The advancement of drugs to prevent and treat HIV in recent years
are helping to reduce the rate of new infections and help those living with HIV live longer and healthier lives. Now to add to the progress, a recent announcement from drug maker GlaxoSmithKline details positive results from two trials of new antiretroviral therapy (ART) drug regimens.

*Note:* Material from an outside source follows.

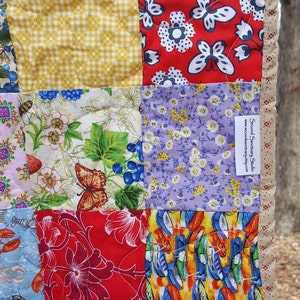 May include: A patchwork quilt with a variety of colorful fabrics, including floral prints, butterflies, and geometric patterns. The quilt is made with a variety of fabrics, including cotton and linen. The quilt is edged with a tan fabric and has a label that reads "Second Sanctuary Studio" and "www.secondsanctuary.etsy.com".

The Joint United Nations Programme on HIV/AIDS (UNAIDS) in 2014 announced its Fast-Track
initiative, a plan to end the AIDS epidemic by 2030. While such a goal may seem ambitious, health officials believe the target is within reach thanks to technological advances and scientific breakthroughs. The World Health Organization (WHO) attributes the reduction of HIV infections and related deaths to ART drugs
, which suppress the HIV virus from multiplying and stop the progression of disease. WHO recommends that those infected with HIV begin a regimen of these drugs as early as possible after diagnosis to reduce the risk of developing life-threatening infections, and endorses ART therapy as a pre-exposure prophylaxis for those at substantial risk of HIV infection.
ART treatment regimens involve taking a combination of drugs on a daily basis to keep viral loads low and infections at bay. By taking these drug “cocktails” regularly, individuals with HIV can keep their immune systems that are strong enough to fight infections and cancers, while also reducing their risk of passing on the virus to others. The cocktails are often made up of a combination of three or more ART drugs from six classes of HIV medicines
. With the right mix of drugs in the right dosages short-term side effects
such an anemia, fatigue, and nausea can be minimal. Long-term side effects, such as insulin resistance and bone density loss, can make it hard for some patients to adhere to their treatment plans.
In a recent news release
from GlaxoSmithKline, the drug maker announced positive results from two recent Phase III studies testing the safety and efficacy of a two-drug antiretroviral regimen for HIV. The combination under investigation included dolutegravir and rilpivirine taken in concert by virologically suppressed patients who had been taking a cocktail of three or four HIV medications. At the end of the trial, the two-drug regimen met the primary endpoint of non-inferiority to the multiple drug regimens. This was determined based on the number of patients with plasma HIV-1 RNA <50 copies per milliliter (c/mL) at Week 48.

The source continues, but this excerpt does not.